In 1913, McCracken celebrated the "marriage of unionism and women's suffrage". She had not been impressed by what was then, with well over 100,000 members, the largest women's political group in Ireland, the Ulster Women's Unionist Council (UWUC). Writing to the Belfast News Letter, she noted the failure Unionist women to formulate "any demand on their own behalf or that of their own sex". But in September 1913, following reports that the Women's Social and Political Union would begin organising in Ulster, the Ulster Unionist Council announced that the draft articles of the Provisional Government (readied for Ulster should a Dublin parliament be restored) included votes for women. With regard to an Irish parliament the nationalists would make no such undertaking.

The rapprochement with Unionists, however, was short lived. In March 1914, after being door-stepped for four days in London, Edward Carson ruled that Unionists could not take a position on so divisive an issue as women's suffrage. Dorothy Evans, the WSPU organiser in Belfast, declared an end to "the truce we have held in Ulster".

With Margaret MacCoubrey, Dr. Elizabeth Bell, Winifred Carney and others in the IWSS (formally disbanded in April 1914), McCracken had joined the WSPU. But it is not clear what direct hand she had, if any, in the campaign that followed: targeting Unionist properties and culminating in Lilian Metge's bombing of Lisburn Cathedral. Her husband, George McCracken, "appeared in the interests of the WSPU" in court when Evans and Madge Muir created an uproar demanding to know why James Craig, who was then arming Unionists with smuggled German munitions, was not appearing on the same weapons and explosives charges.

At the outbreak of world war, in The Irish Citizen, the paper of the pacifist Hanna Sheehy-Skeffington's Dublin-based Irish Women's Franchise League, McCracken asked "Shall Suffrage Cease?" She denounced the hypocrisy of men who, having subjected militant suffragists to a campaign "vituperation and invective", now, "with the most unblushing effrontery", asked women to approve "the most aggravated form of militancy—war". "What country is theirs", she asked, "who are defrauded of citizenship". In 1915, she invited Sylvia Pankhurst, who opposed the wartime suspension of WSPU agitation by her sister Christabel, to Belfast to speak in support equal pay for women doing war work.

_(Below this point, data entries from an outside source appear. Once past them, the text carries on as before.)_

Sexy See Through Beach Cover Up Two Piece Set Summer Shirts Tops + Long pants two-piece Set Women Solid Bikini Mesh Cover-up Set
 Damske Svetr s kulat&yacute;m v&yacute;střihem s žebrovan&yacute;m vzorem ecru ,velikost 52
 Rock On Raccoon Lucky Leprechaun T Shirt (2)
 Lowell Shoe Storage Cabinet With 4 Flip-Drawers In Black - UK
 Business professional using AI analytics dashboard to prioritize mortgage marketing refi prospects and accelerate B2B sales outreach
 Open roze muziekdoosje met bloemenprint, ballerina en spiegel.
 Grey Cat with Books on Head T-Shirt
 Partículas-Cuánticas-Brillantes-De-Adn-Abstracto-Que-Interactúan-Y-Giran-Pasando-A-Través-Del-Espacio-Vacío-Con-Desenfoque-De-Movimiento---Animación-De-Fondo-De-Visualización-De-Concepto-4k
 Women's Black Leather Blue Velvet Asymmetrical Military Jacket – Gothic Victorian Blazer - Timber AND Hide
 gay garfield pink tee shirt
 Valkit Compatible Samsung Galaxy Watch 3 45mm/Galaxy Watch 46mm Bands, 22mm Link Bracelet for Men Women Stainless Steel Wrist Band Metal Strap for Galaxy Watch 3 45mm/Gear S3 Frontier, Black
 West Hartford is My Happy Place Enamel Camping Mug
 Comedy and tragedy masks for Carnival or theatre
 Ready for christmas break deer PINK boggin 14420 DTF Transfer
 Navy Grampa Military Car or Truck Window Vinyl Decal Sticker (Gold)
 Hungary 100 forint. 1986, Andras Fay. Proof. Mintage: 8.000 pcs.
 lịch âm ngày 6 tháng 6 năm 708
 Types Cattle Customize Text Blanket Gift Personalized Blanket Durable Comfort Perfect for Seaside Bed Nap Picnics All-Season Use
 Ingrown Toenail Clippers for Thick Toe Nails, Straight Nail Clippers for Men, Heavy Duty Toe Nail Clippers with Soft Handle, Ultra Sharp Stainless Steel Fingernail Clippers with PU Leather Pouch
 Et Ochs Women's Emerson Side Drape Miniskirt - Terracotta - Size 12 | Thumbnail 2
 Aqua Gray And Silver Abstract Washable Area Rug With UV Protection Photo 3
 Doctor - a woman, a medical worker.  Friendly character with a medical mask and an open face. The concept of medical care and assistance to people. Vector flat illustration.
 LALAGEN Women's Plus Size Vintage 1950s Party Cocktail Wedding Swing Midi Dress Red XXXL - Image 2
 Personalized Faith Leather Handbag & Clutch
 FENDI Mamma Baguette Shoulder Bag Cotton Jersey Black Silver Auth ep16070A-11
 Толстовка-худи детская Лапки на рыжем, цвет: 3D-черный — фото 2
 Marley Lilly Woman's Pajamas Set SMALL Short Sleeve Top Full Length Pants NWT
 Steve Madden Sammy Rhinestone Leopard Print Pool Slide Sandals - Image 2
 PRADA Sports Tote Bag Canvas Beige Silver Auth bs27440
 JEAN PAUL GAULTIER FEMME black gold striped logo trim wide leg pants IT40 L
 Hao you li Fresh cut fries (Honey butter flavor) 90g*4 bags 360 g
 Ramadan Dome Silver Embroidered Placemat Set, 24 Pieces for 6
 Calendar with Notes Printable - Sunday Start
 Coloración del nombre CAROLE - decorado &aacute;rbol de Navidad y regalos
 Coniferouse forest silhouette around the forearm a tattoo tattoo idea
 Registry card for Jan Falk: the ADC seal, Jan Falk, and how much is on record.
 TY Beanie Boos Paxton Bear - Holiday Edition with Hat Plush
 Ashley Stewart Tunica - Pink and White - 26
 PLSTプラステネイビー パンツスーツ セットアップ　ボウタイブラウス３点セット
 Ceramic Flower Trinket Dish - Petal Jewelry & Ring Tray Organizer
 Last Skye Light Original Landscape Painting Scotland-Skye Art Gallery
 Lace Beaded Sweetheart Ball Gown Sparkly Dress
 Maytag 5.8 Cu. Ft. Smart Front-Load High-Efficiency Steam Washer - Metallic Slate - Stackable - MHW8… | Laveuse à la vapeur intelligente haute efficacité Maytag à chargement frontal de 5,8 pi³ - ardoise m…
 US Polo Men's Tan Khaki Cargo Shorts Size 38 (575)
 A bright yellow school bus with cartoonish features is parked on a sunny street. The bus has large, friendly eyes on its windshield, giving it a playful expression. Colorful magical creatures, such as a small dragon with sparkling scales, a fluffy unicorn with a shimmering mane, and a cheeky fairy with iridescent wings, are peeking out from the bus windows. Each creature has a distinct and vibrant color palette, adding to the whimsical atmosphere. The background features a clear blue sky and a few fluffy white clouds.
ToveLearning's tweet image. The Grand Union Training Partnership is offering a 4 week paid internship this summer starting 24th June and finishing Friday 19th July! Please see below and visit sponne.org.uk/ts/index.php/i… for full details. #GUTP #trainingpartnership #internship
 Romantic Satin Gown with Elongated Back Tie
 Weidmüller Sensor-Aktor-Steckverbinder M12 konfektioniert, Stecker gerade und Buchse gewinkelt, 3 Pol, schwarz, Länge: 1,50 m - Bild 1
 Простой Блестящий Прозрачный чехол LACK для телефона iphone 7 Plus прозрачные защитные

After the war and the grant of the vote to women over the age of 30, in what was now Northern Ireland McCracken wished to see women stand as parliamentary candidates independent of parties. The alternative, she believed, was to remain the "docile" instruments of "men's plans", whether they be unionist or nationalist.

McCracken continued to campaign. She was particularly concerned with violence against women and girls and with the financial and legal dependence of women upon men upon which it fed. In reinforcing this dependence, she argued that the privacy of the home pressured women to keep domestic rape and abuse silent.

== Published work as L.A.M Priestly ==
1906 Love Stories of Some Eminent Women, Henry J Davis, London.

1914 "Shall Suffrage Cease?" The Irish Citizen, 29 August 1914

1915 "Co-operative Housekeeping", The Irish Citizen, 16 October

1918 The Feminine in Fiction, G Allen & Unwin, London

1919 First Causes.

1919 "Wife Beating", The Irish Citizen, September.

1928 The Story of County Down (a contribution to fundraising efforts for the maternity hospital).

1933 "Mme Sarah Grand and Women's Emancipation", The Vote 34 (24 August): 244.

== Papers ==
The National Library of Ireland holds a collection of McCracken's extensive correspondence with Hanna Sheehy-Skeffington.